February 21, 2008
R2P, Post-colonialism, and the Incoherence of Western Liberals
We here are Abu Muqawama had grown used to unintelligible metaphors being the only notable contribution of New York Times columnists toward foreign policy debates. But things have been looking up since Roger Cohen arrived via the NYT-owned International Herald Tribune.
At a deeper level, the story of little Kosovo is the story of changing notions of sovereignty and international law.
After the above-mentioned genocides, one perpetrated by the late Slobodan Milosevic of Serbia, both revealing a U.N. Security Council too divided to stop mass slaughter, NATO circumvented the council in 1999. It waged war for the first time to prevent Milosevic doing his worst again in Kosovo.
The war, in the words of Thomas Weiss, a political scientist at the City University of New York, ”had legitimacy even if its legality was questioned.” This legitimacy stemmed from an evolving consensus that, as Tony Blair once put it, ”acts of genocide can never be a purely internal matter.”
Sovereignty, after Bosnia, after Rwanda, in a globalized world, was more than authority over territory and people. It was also responsibility.
[snip]
In 2005, the World Summit adopted the ”responsibility to protect,” known by that acronym. R2P formalized the notion that when a state proves unable or unwilling to protect its people, and crimes against humanity are perpetrated, the international community has an obligation to intervene — if necessary, and as a last resort, with military force.
Member states declared that, with Security Council approval, they were prepared "to take collective action in a timely and decisive manner" when "national authorities manifestly fail to protect their populations from genocide, war crimes, ethnic cleansing and crimes against humanity."
Here's the only problem with that. Popular opinion in the West -- especially Western Europe -- has basically maneuvered itself into a grand contradiction. On the one hand, R2P is a lovely policy on which Western liberals can surely agree. The sovereignty of nation-states isn't the only right that matters -- so too do the rights of individuals. Great. But once you sign up for R2P, have you seriously thought about the means necessary to reach the ends? Do you understand the full significance of this?
What Abu Muqawama is getting at here is that force -- or the credible threat of force -- is the only thing that's really going to protect individuals in a place like Kosovo or Rwanda when things get ugly. (And because of the way the Security Council works, where countries like China and Russia will veto any action that sets a precedent for intervening within another state's borders, that force will likely not be sanctioned by the UN. Remember Kosovo?) And yet the post-colonial resistance to any kind of military intervention by the people with the means to intervene -- basically, NATO -- is so strong it precludes intervention in some cases.

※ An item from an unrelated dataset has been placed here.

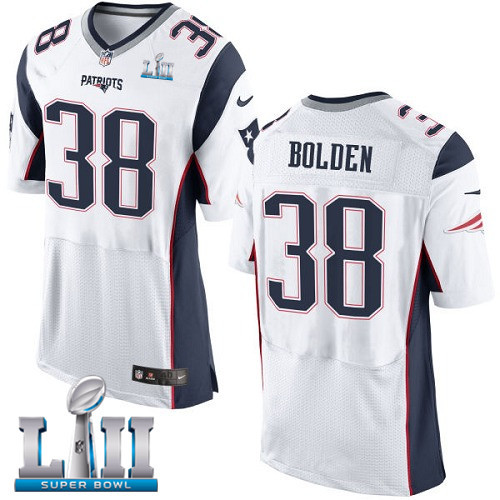 Nike Patriots 38 Brandon Bolden White 2018 Super Bowl LII Elite Jersey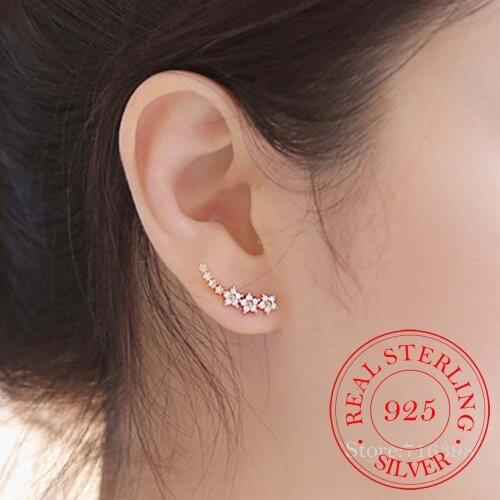 925 Sterling Silver Crystal Star Stud Earrings for Women Party Gift Brincos Hypoallergenic Sterling-silver-jewelry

Every country has its own regulatory norms that develop over time: the respective historical experiences of Germany and Great Britain, for example, make those countries a little more squeamish about foreign military intervention than the United States. We understand that. But if you're not willing to intervene with force or at least the credible threat of force, then you're kidding yourself when you sign up for R2P. You can't have it both ways. Either slink off back to SOAS with your dog-earned copy of The Wretched of the Earth and today's Independent or sack up and admit that R2P means investing in a capable expeditionary military force, the political will to use it, and some acetaminophen to get you over your post-colonial hangover.